Campaign contribution limits hurt Republicans

From the DN:

In a telephone interview yesterday, Taubenberger said the city's new campaign finance rules "will make it very difficult for a Republican to mount a significant challenge" in a citywide race.

"In this town, with fewer Republican donors, you need more dollars from them to be successful," Taubenberger said. "A lot of people believe that as long as you have transparency, why have limitations at all? I'd be in favor of raising them or doing away with them."

In an article citing how despite record fundrasing Nutter actually ran the "cheapest" succesful mayoral camapaign in recent Philadelphia history - including reelection campaigns for incumbents.

Thoughts?

Al's Right

Sam Katz was a serious candidate for Mayor of Philadelphia because he had many, many contributors willing to give $100,000 or more. With those large contriubtions, he was able to match or surpass Mayor Street's fundraising.

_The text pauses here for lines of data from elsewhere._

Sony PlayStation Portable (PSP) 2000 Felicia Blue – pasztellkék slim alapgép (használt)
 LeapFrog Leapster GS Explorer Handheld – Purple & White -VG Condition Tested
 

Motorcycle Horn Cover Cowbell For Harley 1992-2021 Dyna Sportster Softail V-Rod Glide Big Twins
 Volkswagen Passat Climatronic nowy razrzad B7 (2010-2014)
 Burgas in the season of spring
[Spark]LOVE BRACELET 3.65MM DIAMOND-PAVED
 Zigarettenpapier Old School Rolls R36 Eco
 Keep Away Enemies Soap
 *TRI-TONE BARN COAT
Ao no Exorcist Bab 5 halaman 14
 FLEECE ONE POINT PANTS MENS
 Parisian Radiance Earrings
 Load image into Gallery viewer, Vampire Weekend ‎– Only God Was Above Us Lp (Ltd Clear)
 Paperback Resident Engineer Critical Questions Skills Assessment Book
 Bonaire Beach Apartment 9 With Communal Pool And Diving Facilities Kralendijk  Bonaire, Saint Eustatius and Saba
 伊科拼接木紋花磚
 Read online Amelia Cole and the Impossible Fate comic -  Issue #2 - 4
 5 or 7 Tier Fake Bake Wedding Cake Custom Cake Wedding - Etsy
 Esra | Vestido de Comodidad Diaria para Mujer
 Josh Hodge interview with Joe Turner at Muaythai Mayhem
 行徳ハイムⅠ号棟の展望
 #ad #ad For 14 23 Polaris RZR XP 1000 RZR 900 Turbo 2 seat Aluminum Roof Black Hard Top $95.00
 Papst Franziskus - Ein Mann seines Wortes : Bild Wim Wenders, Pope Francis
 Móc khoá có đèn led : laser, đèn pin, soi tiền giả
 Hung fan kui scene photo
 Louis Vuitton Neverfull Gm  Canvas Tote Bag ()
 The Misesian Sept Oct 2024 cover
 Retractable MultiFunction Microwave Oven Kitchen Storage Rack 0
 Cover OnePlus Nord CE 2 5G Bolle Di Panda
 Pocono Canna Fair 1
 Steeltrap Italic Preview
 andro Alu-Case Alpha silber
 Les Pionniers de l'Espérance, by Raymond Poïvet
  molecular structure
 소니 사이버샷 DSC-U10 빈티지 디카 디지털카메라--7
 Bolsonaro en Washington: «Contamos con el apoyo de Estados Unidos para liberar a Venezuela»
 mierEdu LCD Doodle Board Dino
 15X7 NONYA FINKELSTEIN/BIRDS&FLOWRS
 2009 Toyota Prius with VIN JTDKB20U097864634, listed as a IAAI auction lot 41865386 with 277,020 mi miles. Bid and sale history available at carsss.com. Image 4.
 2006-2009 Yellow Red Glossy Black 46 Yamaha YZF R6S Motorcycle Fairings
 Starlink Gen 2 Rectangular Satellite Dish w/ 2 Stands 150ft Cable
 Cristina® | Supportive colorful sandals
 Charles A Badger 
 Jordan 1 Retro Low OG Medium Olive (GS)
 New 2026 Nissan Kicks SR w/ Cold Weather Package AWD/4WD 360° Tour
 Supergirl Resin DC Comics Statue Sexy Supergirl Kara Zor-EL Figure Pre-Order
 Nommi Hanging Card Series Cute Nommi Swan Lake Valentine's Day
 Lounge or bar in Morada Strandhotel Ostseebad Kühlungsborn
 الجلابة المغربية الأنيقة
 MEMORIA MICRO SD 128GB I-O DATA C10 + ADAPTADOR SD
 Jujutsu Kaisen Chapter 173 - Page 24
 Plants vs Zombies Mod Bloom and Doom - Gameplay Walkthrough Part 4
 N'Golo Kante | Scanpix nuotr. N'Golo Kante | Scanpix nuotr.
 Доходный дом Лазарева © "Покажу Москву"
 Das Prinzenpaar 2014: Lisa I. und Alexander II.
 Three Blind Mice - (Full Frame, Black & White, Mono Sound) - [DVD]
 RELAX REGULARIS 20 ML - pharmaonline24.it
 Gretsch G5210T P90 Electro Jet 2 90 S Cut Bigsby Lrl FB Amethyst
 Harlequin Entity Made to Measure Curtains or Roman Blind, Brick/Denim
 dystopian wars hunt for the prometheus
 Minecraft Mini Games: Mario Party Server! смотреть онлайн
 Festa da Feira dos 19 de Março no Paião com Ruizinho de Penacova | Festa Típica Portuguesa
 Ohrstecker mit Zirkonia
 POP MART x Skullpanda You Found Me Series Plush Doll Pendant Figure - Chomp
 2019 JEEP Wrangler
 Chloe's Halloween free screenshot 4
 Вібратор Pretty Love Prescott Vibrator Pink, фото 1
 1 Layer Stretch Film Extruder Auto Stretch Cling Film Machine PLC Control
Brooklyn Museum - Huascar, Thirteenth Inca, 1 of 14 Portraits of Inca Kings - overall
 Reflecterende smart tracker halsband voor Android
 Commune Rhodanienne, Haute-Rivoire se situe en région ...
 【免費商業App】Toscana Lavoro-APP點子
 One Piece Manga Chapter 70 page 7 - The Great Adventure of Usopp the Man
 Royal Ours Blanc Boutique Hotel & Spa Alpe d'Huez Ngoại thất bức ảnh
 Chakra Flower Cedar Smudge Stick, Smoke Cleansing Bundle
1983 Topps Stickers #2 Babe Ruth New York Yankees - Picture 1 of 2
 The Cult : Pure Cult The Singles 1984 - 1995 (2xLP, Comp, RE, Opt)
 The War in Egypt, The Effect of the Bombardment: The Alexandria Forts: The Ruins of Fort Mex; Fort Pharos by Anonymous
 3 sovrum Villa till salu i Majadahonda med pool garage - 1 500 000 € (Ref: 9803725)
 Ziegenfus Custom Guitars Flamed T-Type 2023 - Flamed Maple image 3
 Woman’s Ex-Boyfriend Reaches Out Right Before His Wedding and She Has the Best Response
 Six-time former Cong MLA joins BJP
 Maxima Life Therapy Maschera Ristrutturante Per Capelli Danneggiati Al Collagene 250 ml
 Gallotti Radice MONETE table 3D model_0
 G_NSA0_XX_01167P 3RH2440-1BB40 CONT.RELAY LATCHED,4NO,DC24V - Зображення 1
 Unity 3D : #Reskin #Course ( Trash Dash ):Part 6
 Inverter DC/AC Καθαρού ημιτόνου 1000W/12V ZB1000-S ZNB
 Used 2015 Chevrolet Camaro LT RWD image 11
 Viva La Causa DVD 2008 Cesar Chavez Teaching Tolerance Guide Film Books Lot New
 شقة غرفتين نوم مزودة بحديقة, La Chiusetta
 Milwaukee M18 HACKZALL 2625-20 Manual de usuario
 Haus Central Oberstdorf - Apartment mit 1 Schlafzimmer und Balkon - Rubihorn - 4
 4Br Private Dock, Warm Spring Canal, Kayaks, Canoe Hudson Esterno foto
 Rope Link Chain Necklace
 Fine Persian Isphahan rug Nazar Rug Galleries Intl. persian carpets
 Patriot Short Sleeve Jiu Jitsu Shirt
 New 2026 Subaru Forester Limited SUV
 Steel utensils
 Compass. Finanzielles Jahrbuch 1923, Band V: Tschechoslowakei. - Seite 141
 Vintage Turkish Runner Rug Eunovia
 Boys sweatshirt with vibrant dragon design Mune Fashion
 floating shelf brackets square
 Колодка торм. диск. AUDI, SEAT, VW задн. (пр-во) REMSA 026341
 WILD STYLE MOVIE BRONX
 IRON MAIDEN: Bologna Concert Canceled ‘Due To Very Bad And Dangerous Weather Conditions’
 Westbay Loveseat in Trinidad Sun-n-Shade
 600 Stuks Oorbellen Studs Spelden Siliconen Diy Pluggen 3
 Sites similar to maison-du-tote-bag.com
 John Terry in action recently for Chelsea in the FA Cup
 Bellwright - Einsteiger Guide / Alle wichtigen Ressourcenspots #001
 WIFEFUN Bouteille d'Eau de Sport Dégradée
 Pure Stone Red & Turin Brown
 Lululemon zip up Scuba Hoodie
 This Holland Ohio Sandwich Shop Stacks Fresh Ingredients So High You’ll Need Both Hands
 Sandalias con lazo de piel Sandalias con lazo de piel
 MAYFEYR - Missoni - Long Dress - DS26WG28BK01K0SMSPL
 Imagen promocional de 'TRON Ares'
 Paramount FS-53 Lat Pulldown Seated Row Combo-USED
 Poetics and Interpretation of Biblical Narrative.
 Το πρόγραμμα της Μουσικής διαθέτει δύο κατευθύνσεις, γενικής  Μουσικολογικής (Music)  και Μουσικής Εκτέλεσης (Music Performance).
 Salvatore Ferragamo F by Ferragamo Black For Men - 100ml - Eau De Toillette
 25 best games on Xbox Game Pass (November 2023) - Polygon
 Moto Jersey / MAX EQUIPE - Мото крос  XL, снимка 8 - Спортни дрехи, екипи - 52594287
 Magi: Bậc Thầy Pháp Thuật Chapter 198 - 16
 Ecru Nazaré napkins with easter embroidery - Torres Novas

Of course, the effect of this kind of contributing was to make the winner--whoever it would turn out to be--far more dependent on campaign contributors than would otherwise be the case.

$6.8 million is still a vast sum of money. Contributors and potential contributors are not going to have feelings of powerlessness. I would hope that we could see some of the $20 million or more that was not spent on the mayoral campaign in 2007 be spent on dealing with Philadelphia's many, many urgent problems.

Re: Katz

Sam Katz was also a serious candidate for Mayor b/c, by and large, he was far more liberal than John Street. Katz is a perfect example of what some in the GOP call a RINO- Republican in name only.

As for funds being important, I would note that the person with the most to spend in the Mayoral primary was Tom Knox.

-Z

"Liberal" Is An Extremely Elastic Word

Sam Katz was stronger on gay rights than Street. But to say that loyal Reagan/Bush Republicans were pouring many millions of dollars into Katz's campaign because they viewed Katz as a liberal (which is not precisely what Z said) would be stretching things.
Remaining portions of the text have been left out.